To answer this, we need to talk about autocorrelation. Let’s start by introducing the necessary concepts.
20.2 mean and standard deviation
Let’s call our time series from above \(X\), and its length \(N\). Then:
\[ \begin{aligned} \text{mean}& &\mu &= \frac{\displaystyle\sum_{i=1}^N X_i}{N} \\ \text{standard deviation}& &\sigma &= \sqrt{\frac{\displaystyle\sum_{i=1}^N (X_i-\mu)^2}{N}} \end{aligned} \]
The mean and standard deviation can be visualized thus:
One last basic concept we need is the expected value: \[ E[X] = \sum_{i=1}^N X_i p_i \]

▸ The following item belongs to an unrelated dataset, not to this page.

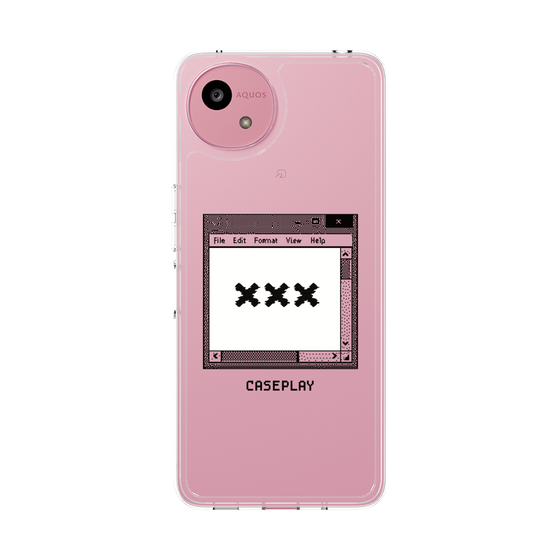 スリムプロテクションケース［ ××× ］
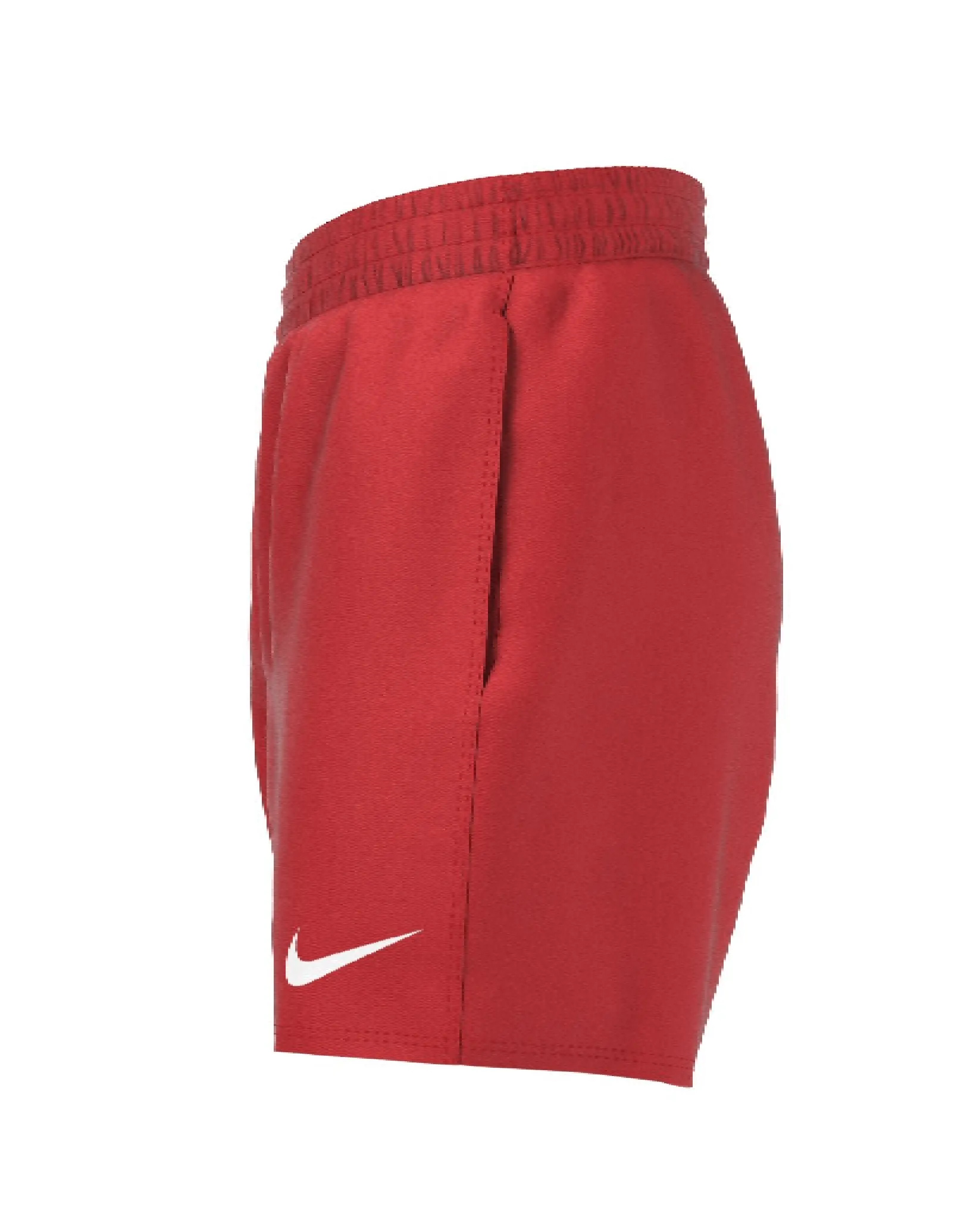 Boys Essential Lap 4" Volley Short University Red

For our time series, the probability \(p_i\) that a given point \(X_i\) is in the dataset is simply \(1/N\), therefore the expectation becomes
\[ E[X] = \frac{\displaystyle\sum_{i=1}^N X_i}{N} \]
20.3 autocorrelation
The autocorrelation of a time series \(X\) is the answer to the following question:
if we shift \(X\) by \(\tau\) units, how similar will this be to the original signal?
In other words:
how correlated are \(X(t)\) and \(X(t+\tau)\)?
Using the Pearson correlation coefficient
Pearson correlation coefficient between \(X\) and \(Y\): \[ \rho_{X,Y} = \frac{E\left[ (X - \mu_X)(X_Y - \mu_Y) \right]}{\sigma_X\sigma_Y} \]
we get
\[ \rho_{XX}(\tau) = \frac{E\left[ (X_t - \mu)(X_{t+\tau} - \mu) \right]}{\sigma^2} \]
A video is worth a billion words, so let’s see the autocorrelation in action:
A few comments:
- The autocorrelation for \(\tau=0\) (zero shift) is always 1.
[Can you prove this? All the necessary equations are above!]